柏レイソルの育成戦略が示す、日本的な育成システムの構築法

text by 小澤一郎 photo by Kenzaburo Matsuoka

プレイヤーズファーストの視点で環境整備

 また、「高体連かJユースか」という対立軸で語られることの多い2種の高校年代においても柏はプレーヤーズファーストの視点で環境整備を進めている。
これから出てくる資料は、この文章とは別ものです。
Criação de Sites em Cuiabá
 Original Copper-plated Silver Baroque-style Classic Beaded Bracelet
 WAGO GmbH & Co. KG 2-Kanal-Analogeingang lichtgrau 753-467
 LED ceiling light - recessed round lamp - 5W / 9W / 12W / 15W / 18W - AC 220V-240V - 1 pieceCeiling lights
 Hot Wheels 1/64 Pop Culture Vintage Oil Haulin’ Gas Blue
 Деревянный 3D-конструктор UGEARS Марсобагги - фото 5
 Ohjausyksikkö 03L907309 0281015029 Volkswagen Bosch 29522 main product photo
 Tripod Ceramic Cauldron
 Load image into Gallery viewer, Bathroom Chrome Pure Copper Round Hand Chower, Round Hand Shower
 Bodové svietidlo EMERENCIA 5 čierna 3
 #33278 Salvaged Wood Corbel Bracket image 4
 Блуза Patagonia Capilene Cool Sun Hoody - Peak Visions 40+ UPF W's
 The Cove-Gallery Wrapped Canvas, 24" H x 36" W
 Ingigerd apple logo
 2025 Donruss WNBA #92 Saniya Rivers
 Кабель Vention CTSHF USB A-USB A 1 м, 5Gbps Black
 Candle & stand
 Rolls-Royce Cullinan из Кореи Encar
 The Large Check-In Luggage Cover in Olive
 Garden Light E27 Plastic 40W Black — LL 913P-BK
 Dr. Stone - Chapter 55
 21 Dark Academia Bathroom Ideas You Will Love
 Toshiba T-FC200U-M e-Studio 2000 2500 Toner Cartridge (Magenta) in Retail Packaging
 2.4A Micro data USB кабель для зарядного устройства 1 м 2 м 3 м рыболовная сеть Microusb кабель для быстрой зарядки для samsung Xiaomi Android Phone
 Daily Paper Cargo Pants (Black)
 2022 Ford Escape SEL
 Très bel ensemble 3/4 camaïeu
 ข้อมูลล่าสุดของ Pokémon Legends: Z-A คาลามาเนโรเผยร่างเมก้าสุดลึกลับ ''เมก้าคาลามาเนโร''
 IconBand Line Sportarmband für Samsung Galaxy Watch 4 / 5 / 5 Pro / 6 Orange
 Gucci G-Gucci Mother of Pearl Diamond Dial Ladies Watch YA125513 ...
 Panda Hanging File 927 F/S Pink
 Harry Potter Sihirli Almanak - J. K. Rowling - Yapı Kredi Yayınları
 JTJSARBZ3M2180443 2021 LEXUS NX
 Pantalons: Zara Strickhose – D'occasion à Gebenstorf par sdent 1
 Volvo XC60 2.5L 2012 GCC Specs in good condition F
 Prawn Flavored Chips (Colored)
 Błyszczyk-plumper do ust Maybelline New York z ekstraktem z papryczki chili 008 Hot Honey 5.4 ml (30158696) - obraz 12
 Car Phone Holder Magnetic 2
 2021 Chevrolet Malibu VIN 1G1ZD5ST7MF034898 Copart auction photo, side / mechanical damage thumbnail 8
レイソルU-18の選手たちの8割が地元柏にある高校に通っていることから、現在クラブと学校側の実務者レベルでは、シーズン毎にその高校のサッカー部とレイソルU-18の選手の入れ替わりが可能なシステム作りについて話し合われている。

 スキームとしてはプロで行われている『期限付き(レンタル)移籍』と同じ。日本では、セレクションに合格して一度Jアカデミーに加入してしまうと、中学、高校の3年間が自動的に保証される。これには一貫指導できるメリットと同時に、3年間が保証されることによる競争(向上)意欲の低下を生み出すデメリットもある。ただし、柏が目指すのは、欧州や南米で採用されているような自然淘汰の競争システムではなく、あくまで「適した環境で適した選手がプレーできる」システム作りだ。サッカー大国の模倣ではなく日本的なシステム構築の意図について吉田氏はこう説明する。

「日本で自然淘汰される環境が少ないのは事実ですが、『ダメな選手だから入れ替える』『いい選手だから獲ってくる』ということが本当に正しいかどうかはわかりません。3年間いることで起こるデメリットを解決したいとは思いますが、切って捨てられるプレッシャーを与えるのではなく、目標やビジョンを共有する中で選手をモチベートし、上を目指す純粋な気持ちを指導現場で生かしていく。それは元来努力する精神や生真面目さを持つ日本人だけができる特別なやり方なのかもしれません」

「下から上につなげる」ボトムアップ方式の育成戦略が第2段階まで来ている柏レイソル。あくまで個人的な意見であり希望も入っているのだが、育成戦略の第3段階が完了した時には選手のみならず指導者までもがトップに吸い上げられるシステムが完成し、吉田達磨という人間が『監督』ではなくプレミアリーグのような『マネージャー』としてトップチームで長期政権を築いている気がする。

【了】

初出:サッカー批評issue57

プロフィール

吉田達磨
1974年生まれ、千葉県出身。柏レイソル強化本部長。東海大学付属浦安高等学校卒業後、1993年に柏レイソルに加入。97年に京都パープルサンガ(現京都サンガF.C.)に移籍。99年にモンテディオ山形に加入し、01年までプレー。02年にジュロンFC(シンガポール)で現役引退。同年、東海大学付属浦安高等学校サッカー部の臨時コーチを経験し、03年に古巣の柏U-18コーチに就任。その後U-15やU-18の監督などを経て、10年にアカデミーダイレクターとなる。11年より現職。